= TASK GOAL =
Write the records out again exactly, but without pictures.

[Scraped caption text data]
Content starts
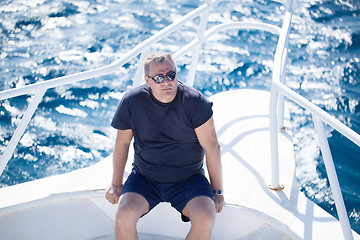 Image showing Man sitting on the prow of a boat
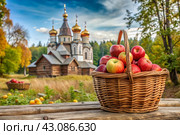 The concept of the Russian Orthodox holiday yablochny spas. A beautiful wicker basket made of vines with red ripe apples on the background of an Orthodox church. Стоковое AI-изображение, AI-художник Photojuli / Фотобанк Лори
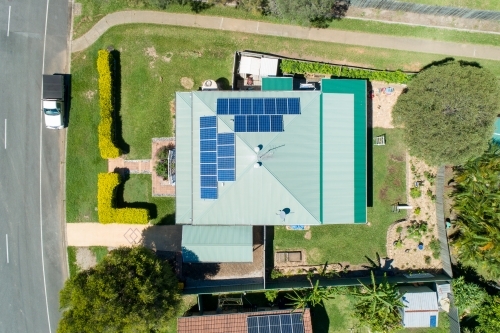 Looking down on house with metal roof and solar panels. - Australian Stock Image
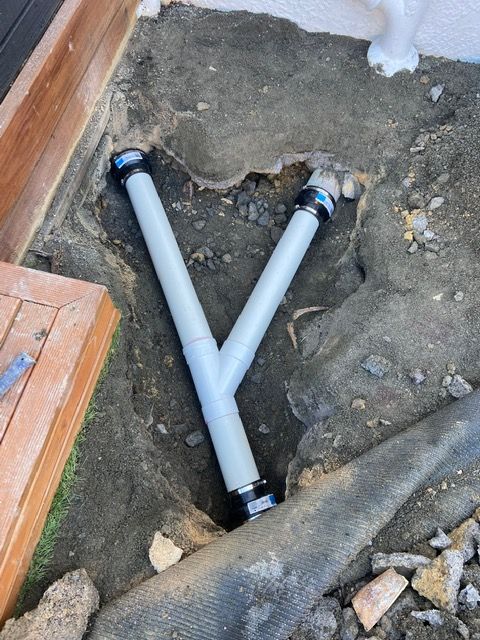 Gray plumbing pipes in a Y-shape, set in a dirt hole next to a wooden structure.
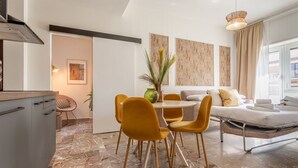 A modern living room with a sofa, dining table, and chairs. There is a kitchen area with cabinets and a stove. The room has a large window and artwork on the walls.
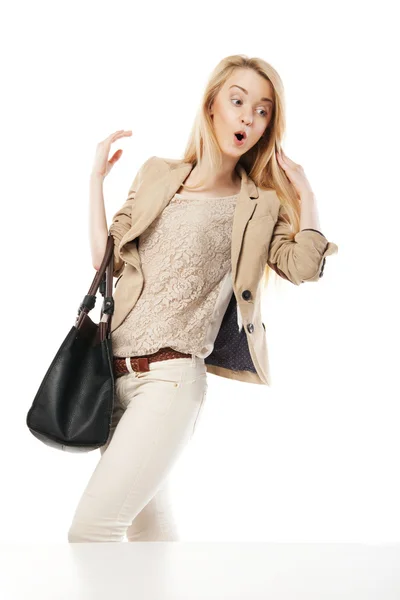 Young excited woman looking at the shop window — Stock Photo, Image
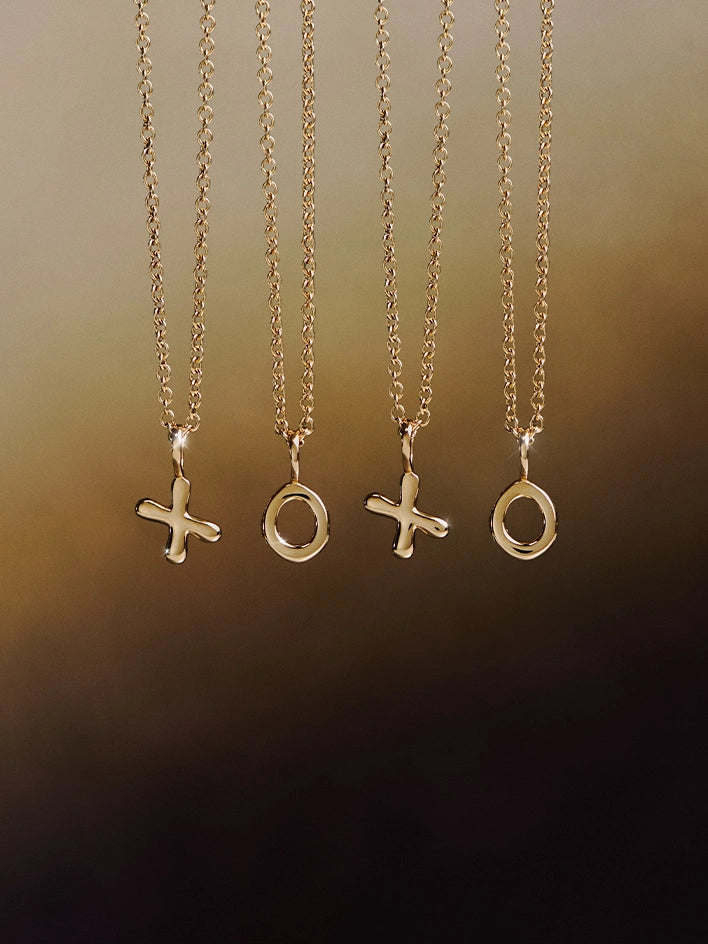 Four gold necklaces with 'XO' pendants on a gradient background
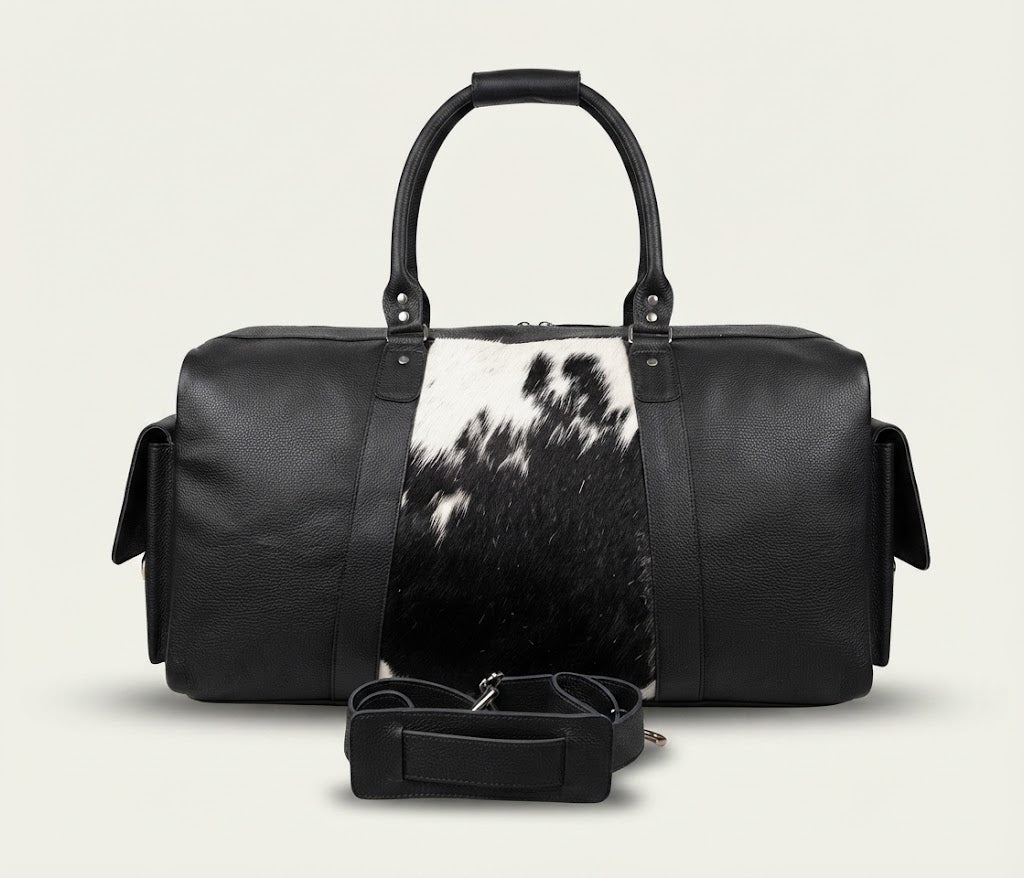 Detachable shoulder strap detail on leather cowhide duffle bag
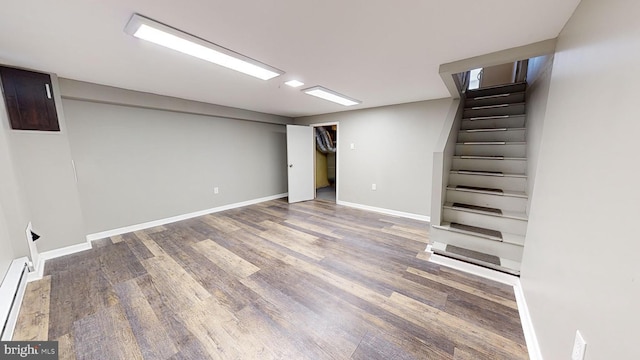 basement featuring a baseboard radiator and hardwood / wood-style floors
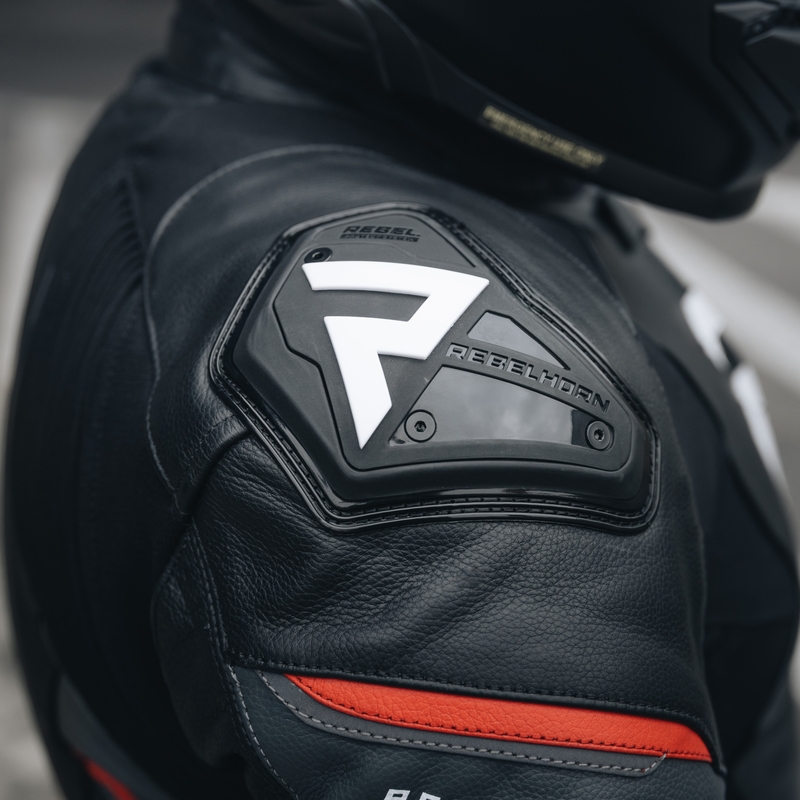 "Rebelhorn Veloce" juoda-fluo raudona odinė motociklininko striukė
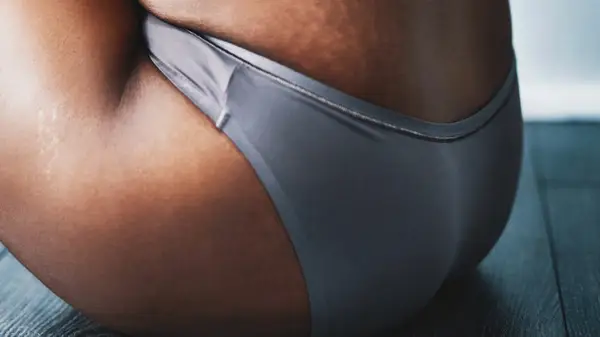 woman on floor in underwear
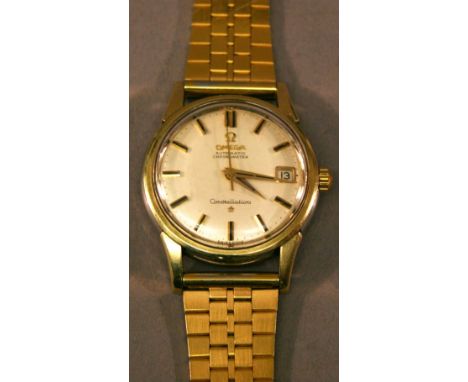 AN OMEGA CONSTELLATION AUTOMATIC CHRONOMETER WRISTWATCH having a circular dial with baton markers and date aperture, replacem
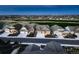 Stunning aerial view of a neighborhood showcasing beautiful homes, green spaces, and well-maintained streets at 15788 Valentia St, Thornton, CO 80602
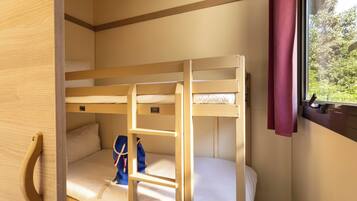 A bunk bed room with a window and a door.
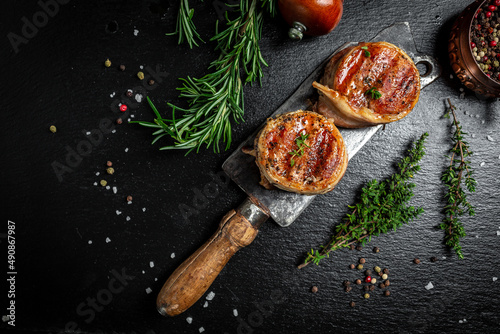 Premium Beef Steak. portion of juicy beef tenderloin steak covered bacon on dark concrete background with spices. Ketogenic diet food, top view photo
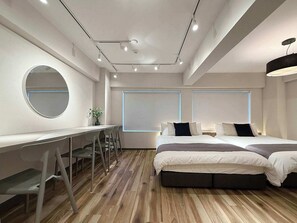 A modern bedroom with a desk, two beds, and a large mirror.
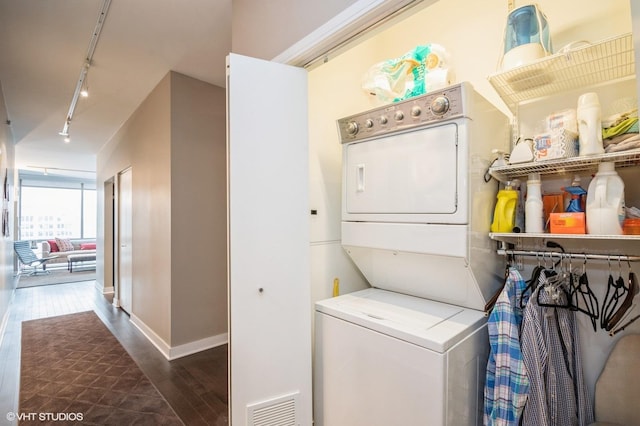 clothes washing area featuring dark hardwood / wood-style flooring, track lighting, and stacked washer / drying machine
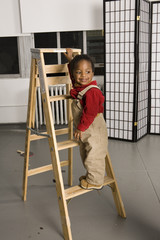 smiling baby on a ladder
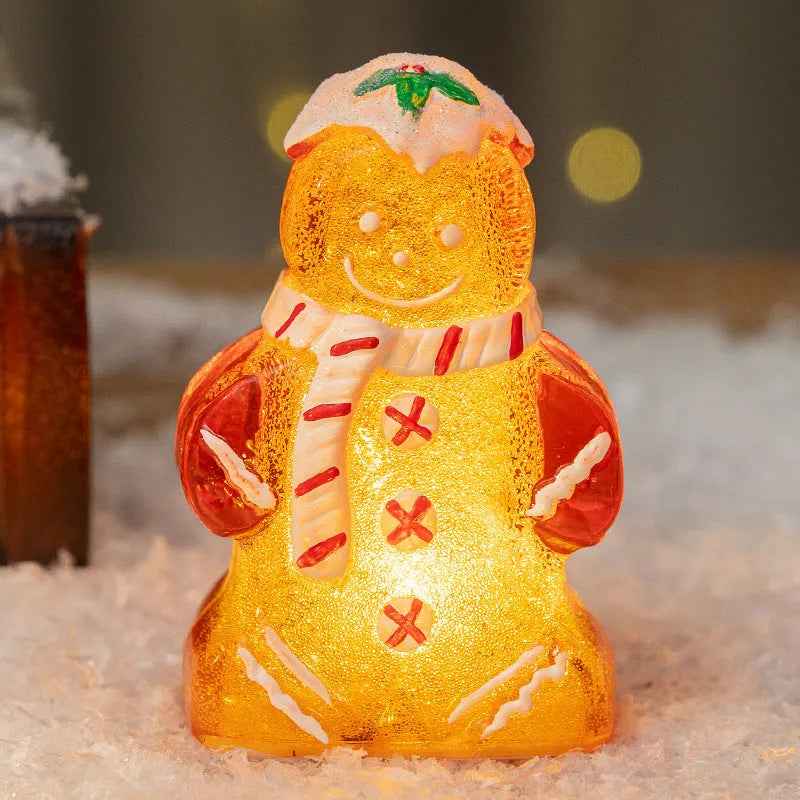 Set of four glowing Christmas gingerbread man and snowman ornaments with different coloured scarves on a festive background.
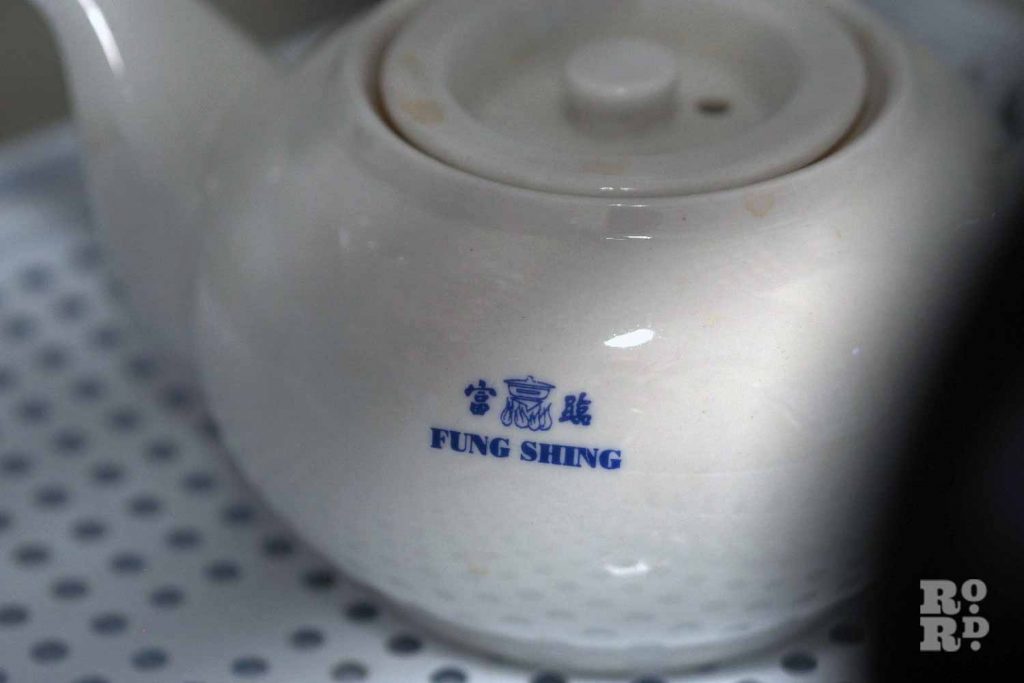 A teapot with Chinese characters on it at the Chinese Association of Tower Hamlets.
Content ends
= RESULT FOR THIS TASK =
 Image showing Man sitting on the prow of a boat
 The concept of the Russian Orthodox holiday yablochny spas. A beautiful wicker basket made of vines with red ripe apples on the background of an Orthodox church. Стоковое AI-изображение, AI-художник Photojuli / Фотобанк Лори
 Looking down on house with metal roof and solar panels. - Australian Stock Image
 Gray plumbing pipes in a Y-shape, set in a dirt hole next to a wooden structure.
 A modern living room with a sofa, dining table, and chairs. There is a kitchen area with cabinets and a stove. The room has a large window and artwork on the walls.
 Young excited woman looking at the shop window — Stock Photo, Image
 Four gold necklaces with 'XO' pendants on a gradient background
 Detachable shoulder strap detail on leather cowhide duffle bag
 basement featuring a baseboard radiator and hardwood / wood-style floors
 "Rebelhorn Veloce" juoda-fluo raudona odinė motociklininko striukė
 woman on floor in underwear
 AN OMEGA CONSTELLATION AUTOMATIC CHRONOMETER WRISTWATCH having a circular dial with baton markers and date aperture, replacem
 Stunning aerial view of a neighborhood showcasing beautiful homes, green spaces, and well-maintained streets at 15788 Valentia St, Thornton, CO 80602
 A bunk bed room with a window and a door.
 Premium Beef Steak. portion of juicy beef tenderloin steak covered bacon on dark concrete background with spices. Ketogenic diet food, top view photo
 A modern bedroom with a desk, two beds, and a large mirror.
 clothes washing area featuring dark hardwood / wood-style flooring, track lighting, and stacked washer / drying machine
 smiling baby on a ladder
 Set of four glowing Christmas gingerbread man and snowman ornaments with different coloured scarves on a festive background.
 A teapot with Chinese characters on it at the Chinese Association of Tower Hamlets.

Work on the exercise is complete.